All together, the 4,300 students, joined by 300 staff, faculty, alumni and older undergraduates who served as task captains, slathered on 555 gallons of paint, planted dozens of trees at schools, restored trails at Griffith Park, rebuilt fences at Point Dume and more. Across the 26 different work sites, the people who care for the campuses and parks on a daily basis told the students how much the work meant.
Here's a short video UCLA made about the day with quotes from the chancellor and L.A. mayor Antonio Villaraigosa.
And these videos show the day from the student perspective.
(Check out that awesome map at the 3:38 mark!)
There's also a Flickr page for all the different volunteering efforts from that day.
Perhaps the most amazing and inspiring thing about this was that it wasn't mandatory for the freshman class. Thousands of UCLA freshmen did it because they wanted to help out. This was pure volunteerism to better the community we live in.

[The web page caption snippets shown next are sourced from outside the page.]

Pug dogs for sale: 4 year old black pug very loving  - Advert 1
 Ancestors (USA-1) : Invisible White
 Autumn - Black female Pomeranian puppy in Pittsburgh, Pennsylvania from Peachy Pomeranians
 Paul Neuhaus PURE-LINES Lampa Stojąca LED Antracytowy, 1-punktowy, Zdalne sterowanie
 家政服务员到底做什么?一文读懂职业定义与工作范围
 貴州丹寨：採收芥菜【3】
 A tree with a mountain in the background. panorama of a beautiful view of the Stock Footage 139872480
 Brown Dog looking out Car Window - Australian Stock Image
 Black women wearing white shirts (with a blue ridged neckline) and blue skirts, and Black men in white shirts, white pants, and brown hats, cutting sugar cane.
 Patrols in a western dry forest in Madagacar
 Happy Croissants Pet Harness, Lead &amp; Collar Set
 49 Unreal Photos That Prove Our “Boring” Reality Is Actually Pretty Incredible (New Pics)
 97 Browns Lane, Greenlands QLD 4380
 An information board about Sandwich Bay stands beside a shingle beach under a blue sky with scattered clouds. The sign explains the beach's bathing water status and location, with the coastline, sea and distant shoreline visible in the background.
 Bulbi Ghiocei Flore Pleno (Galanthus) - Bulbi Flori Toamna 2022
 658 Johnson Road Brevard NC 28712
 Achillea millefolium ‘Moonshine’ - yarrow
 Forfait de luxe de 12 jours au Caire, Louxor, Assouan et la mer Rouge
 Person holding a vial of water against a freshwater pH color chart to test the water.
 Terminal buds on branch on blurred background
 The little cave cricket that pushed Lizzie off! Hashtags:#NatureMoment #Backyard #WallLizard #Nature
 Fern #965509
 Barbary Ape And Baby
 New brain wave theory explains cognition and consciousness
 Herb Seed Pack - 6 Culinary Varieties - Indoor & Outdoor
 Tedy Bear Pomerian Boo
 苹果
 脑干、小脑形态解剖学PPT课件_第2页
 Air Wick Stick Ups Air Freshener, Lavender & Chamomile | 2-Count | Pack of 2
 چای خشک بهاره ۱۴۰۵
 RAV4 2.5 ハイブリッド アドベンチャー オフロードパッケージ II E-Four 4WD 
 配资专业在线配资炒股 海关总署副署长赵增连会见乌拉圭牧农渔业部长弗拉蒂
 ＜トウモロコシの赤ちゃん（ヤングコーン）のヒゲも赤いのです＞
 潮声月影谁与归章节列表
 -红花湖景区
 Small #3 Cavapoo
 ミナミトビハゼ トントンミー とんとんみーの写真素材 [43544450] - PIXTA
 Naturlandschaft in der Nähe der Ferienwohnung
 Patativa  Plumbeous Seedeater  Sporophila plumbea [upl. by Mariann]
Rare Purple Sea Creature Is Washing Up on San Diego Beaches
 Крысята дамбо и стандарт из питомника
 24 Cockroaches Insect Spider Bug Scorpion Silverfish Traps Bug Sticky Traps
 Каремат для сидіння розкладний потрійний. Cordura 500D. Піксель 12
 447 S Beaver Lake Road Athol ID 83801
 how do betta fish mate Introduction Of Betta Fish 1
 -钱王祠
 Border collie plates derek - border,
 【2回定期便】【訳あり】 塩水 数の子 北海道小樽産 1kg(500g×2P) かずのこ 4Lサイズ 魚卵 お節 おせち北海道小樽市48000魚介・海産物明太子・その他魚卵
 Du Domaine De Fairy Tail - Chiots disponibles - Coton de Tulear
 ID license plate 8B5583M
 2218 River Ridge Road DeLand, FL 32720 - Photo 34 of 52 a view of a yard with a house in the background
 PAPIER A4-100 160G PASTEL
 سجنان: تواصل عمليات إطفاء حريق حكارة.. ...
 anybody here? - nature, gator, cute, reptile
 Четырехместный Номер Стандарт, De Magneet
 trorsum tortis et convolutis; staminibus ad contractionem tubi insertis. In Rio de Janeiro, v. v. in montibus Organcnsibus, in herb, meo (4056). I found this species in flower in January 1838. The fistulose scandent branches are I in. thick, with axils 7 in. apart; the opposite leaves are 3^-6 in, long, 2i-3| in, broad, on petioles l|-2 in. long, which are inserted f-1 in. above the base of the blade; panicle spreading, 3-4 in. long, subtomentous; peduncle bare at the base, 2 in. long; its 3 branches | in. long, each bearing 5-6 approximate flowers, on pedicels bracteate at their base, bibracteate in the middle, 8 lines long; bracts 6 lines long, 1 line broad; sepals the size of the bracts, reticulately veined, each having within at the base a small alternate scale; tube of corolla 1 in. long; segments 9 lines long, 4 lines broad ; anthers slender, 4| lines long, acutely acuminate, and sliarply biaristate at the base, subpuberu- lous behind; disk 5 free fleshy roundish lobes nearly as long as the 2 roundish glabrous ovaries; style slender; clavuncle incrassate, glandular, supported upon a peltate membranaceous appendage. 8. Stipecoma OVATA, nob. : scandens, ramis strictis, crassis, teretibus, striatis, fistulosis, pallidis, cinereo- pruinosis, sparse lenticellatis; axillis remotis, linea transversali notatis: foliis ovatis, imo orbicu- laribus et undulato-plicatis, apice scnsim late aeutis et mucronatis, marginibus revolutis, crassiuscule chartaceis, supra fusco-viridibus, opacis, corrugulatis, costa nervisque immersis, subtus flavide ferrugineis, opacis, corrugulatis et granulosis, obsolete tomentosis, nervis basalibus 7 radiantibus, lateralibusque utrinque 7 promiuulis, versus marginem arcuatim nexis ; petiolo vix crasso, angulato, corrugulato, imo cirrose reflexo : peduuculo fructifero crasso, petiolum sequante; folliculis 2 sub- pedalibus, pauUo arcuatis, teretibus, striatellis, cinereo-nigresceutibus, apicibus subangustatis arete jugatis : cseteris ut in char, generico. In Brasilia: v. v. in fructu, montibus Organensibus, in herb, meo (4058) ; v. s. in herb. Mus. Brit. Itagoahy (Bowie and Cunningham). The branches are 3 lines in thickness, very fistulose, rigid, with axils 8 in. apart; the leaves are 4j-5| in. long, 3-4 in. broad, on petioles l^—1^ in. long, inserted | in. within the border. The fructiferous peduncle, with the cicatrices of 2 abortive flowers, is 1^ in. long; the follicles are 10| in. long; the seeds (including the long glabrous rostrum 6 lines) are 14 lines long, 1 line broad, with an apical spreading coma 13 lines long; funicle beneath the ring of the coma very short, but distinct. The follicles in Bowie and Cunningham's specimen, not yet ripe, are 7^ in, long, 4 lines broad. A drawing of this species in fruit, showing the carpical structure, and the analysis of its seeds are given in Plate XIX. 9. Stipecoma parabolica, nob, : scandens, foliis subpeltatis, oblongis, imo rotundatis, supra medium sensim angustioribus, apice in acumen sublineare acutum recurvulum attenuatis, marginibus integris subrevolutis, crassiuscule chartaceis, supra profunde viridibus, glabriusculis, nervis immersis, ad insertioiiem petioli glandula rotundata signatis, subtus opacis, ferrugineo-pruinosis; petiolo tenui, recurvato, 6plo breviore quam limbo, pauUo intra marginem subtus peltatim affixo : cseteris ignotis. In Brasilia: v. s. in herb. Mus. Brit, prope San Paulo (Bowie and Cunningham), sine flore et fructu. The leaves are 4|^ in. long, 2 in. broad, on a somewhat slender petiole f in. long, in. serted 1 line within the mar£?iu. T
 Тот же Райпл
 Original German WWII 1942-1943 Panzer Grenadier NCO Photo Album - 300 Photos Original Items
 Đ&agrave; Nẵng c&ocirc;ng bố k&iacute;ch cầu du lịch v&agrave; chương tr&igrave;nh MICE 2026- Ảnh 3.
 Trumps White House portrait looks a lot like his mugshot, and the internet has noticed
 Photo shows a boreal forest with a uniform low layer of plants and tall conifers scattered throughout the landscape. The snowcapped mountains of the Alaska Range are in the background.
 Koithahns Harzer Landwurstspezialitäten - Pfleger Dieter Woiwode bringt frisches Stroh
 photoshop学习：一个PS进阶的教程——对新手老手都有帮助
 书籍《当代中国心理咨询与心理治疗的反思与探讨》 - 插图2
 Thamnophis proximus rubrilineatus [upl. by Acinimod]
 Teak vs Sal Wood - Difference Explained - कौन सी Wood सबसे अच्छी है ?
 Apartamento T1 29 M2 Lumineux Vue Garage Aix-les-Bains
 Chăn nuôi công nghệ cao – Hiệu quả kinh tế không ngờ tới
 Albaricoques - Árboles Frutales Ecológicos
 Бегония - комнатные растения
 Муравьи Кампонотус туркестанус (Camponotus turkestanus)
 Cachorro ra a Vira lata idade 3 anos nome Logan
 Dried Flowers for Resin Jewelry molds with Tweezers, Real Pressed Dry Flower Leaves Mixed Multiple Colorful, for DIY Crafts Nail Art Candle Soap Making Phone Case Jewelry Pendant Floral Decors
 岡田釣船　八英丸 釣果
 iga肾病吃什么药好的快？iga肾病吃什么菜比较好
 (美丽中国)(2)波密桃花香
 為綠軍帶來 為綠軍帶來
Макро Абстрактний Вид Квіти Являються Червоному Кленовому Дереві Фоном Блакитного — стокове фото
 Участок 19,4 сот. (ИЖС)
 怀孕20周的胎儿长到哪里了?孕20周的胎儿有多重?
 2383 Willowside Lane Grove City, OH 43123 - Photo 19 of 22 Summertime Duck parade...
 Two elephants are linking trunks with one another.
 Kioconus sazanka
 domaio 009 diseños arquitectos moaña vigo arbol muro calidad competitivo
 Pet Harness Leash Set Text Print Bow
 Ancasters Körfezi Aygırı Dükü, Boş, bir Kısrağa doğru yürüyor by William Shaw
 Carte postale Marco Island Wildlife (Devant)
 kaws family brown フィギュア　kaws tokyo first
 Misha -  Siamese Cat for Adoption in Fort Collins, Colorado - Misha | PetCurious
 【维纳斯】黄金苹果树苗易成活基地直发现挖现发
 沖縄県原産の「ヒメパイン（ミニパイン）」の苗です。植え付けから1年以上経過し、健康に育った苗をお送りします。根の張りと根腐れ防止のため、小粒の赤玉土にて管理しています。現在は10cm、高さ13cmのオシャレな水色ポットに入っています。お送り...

So. UCLA has now laid down the gauntlet. As a proud Bruin alum and current grad student at UCLA, I'm issuing a challenge to every other university in the country to do the same in your own communities. Organize this, and get your students involved in something bigger than themselves. We've shown it can be done with remarkable success in just our first year, and we'll be hopefully doing this from now on, every single year. Every school should do the same. Will you meet our challenge?